Europe’s largest economy has faced industrial action for months as workers and management across multiple sectors wrestle over terms amid high inflation and weak business activity.

The strikes have exacerbated an already gloomy economic picture, with the German economy shrinking 0.3 percent across the whole of last year.

What we know about the new offer so far

Through the new agreement, there will be optional reduction of a work week to 36 hours at the start of 2027, 35.5 hours from 2028 and then 35 hours from 2029. For the last three stages, employees must notify their employer themselves if they wish to take advantage of the reduction steps.

However, they can also opt to work the same or more hours – up to 40 hours per week are possible in under the new “optional model”.

“One thing is clear: if you work more, you get more money,” said Deutsche Bahn spokesperson Martin Seiler. Accordingly, employees will receive 2.7 percent more pay for each additional or unchanged working hour.

According to Deutsche Bahn, other parts of the agreement included a pay increase of 420 per month in two stages, a tax and duty-free inflation adjustment bonus of 2,850 and a term of 26 months.

Growing pressure

Last year’s walkouts cost Deutsche Bahn some 200 million, according to estimates by the operator, which overall recorded a net loss for 2023 of 2.35 billion.

Germany has historically been among the countries in Europe where workers went on strike the least.

But since the end of 2022, the country has seen growing labour unrest, while real wages have fallen by four percent since the start of the war in Ukraine.

German airline Lufthansa is also locked in wage disputes with ground staff and cabin crew.

Several strikes have severely disrupted the group’s business in recent weeks and will weigh on first-quarter results, according to the group’s management.

Airport security staff have also staged several walkouts since January.

Some politicians have called for Germany to put in place rules to restrict critical infrastructure like rail transport from industrial action.

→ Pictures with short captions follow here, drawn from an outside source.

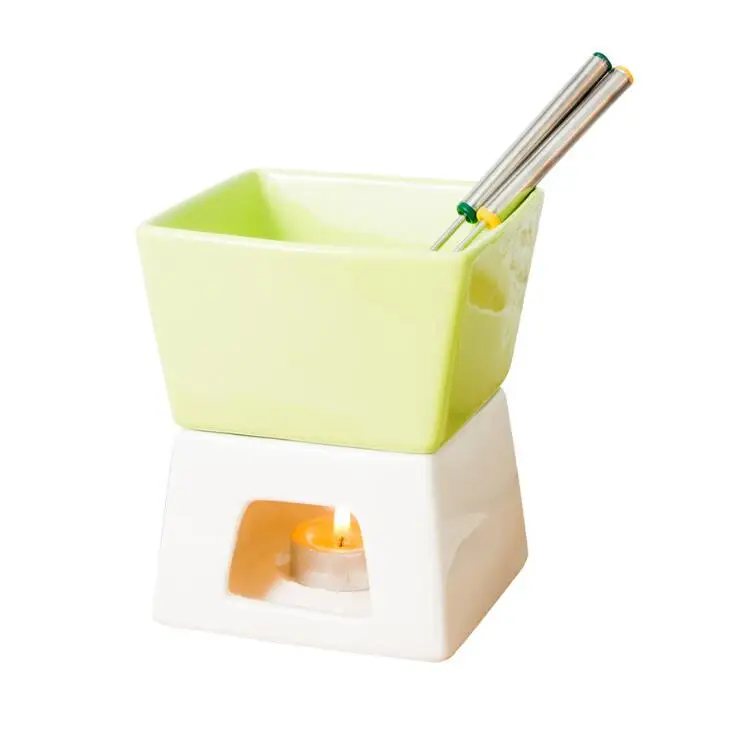 Оптовая продажа с фабрики, фарфоровые наборы керамических свечей для фондю, мороженого, сыра, шоколада, тапас, поднос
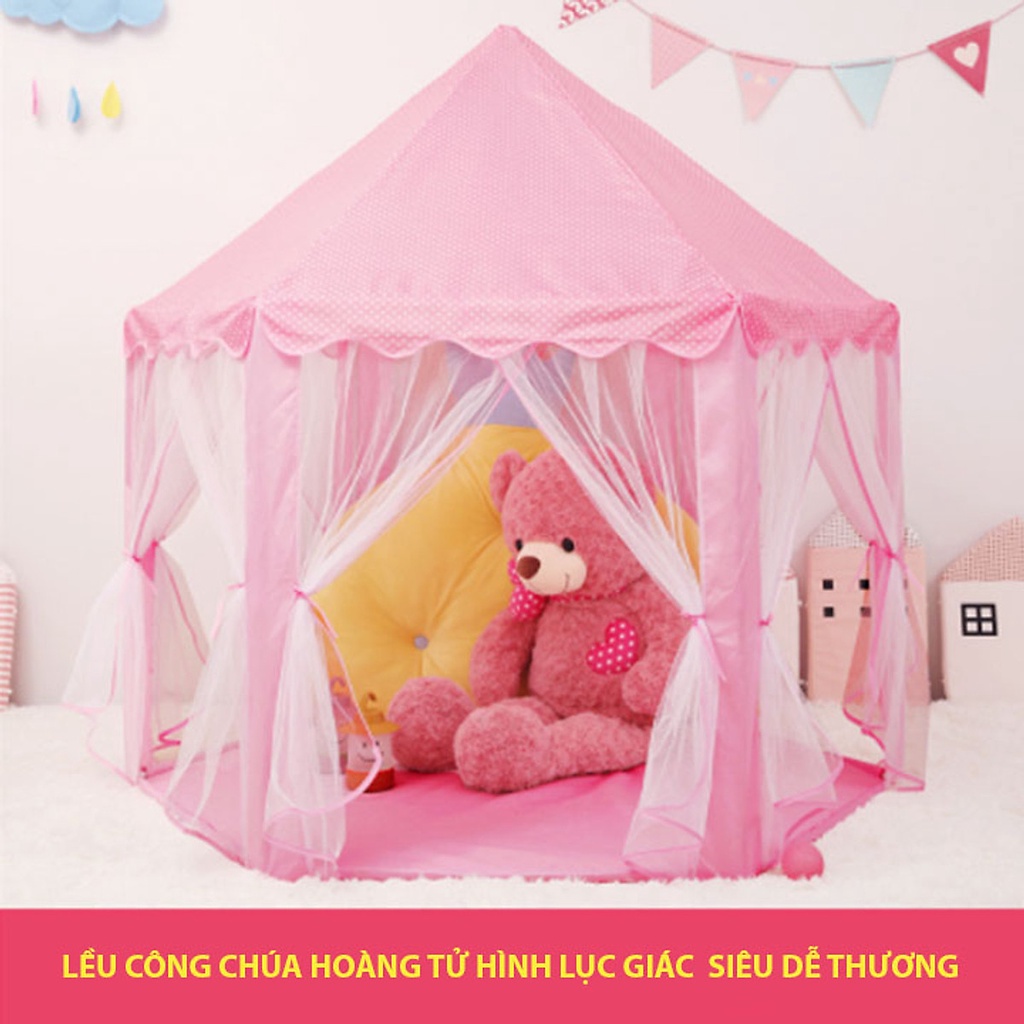 Lều lục giác Công Chúa Hoàng Tử Cho Bé Yêu - Hàng chính hãng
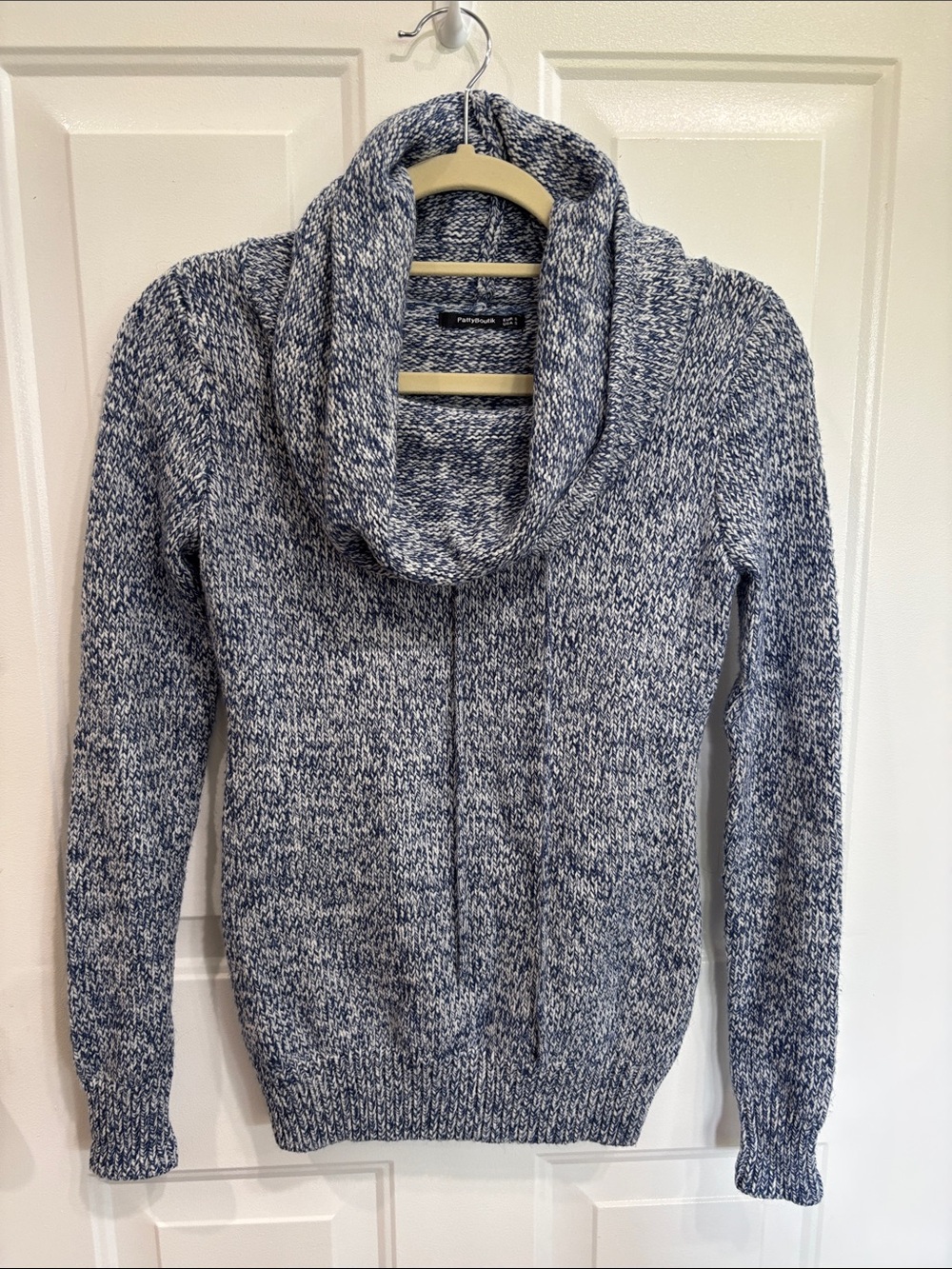 Patty Boutik Blue & White Marled Cowl Neck Sweater Size Small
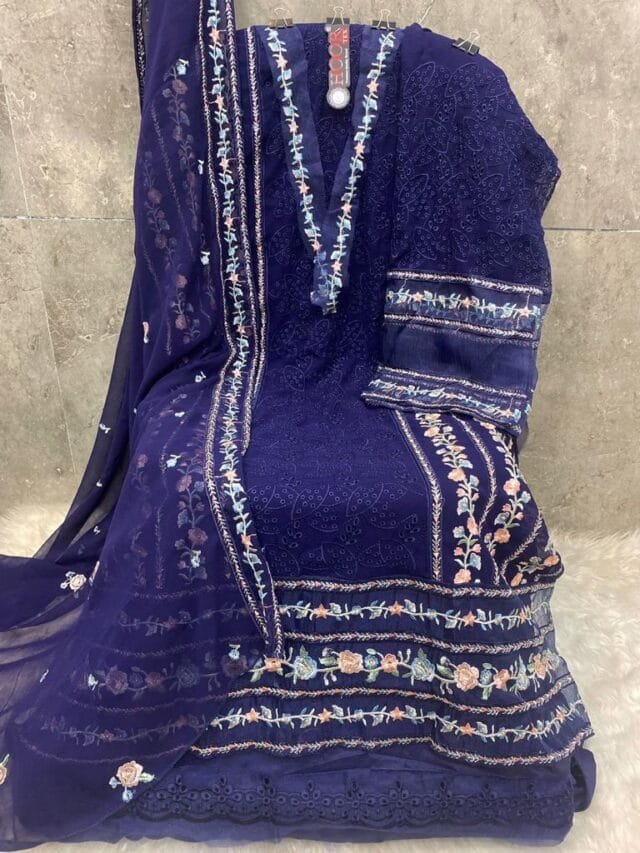 Dark Blue Fox Georgette Pakistani Suits In Sale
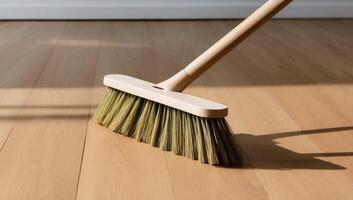 A wooden broom with biodegradable bristles maintaining a hardwood floor, emphasizing eco-friendly and plastic-free cleaning practices. photo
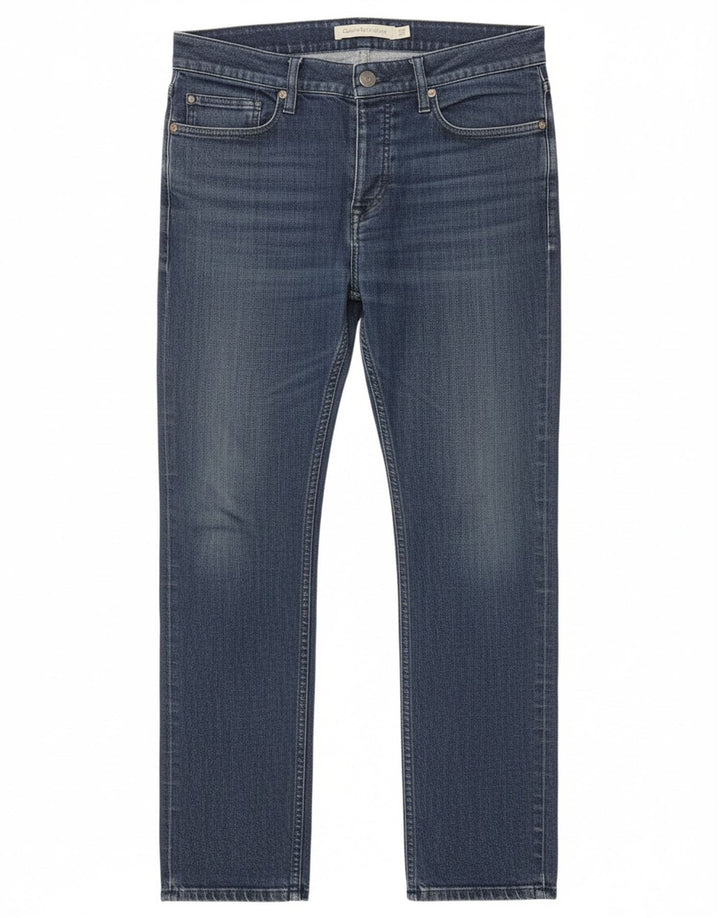 CALVIN KLEIN Womens Slim Jeans W32 L28 Blue Cotton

But Chancellor Olaf Scholz has rejected the calls, arguing that “the right to strike is written in the constitution… and that is a democratic right for which unions and workers have fought”.

The strikes have piled growing pressure on the coalition government between Scholz’s Social Democrats, the Greens and the pro-business FDP, which has scored dismally in recent opinion polls.

The far-right AfD has been enjoying a boost in popularity amid the unrest with elections in three key former East German states due to take place later this year.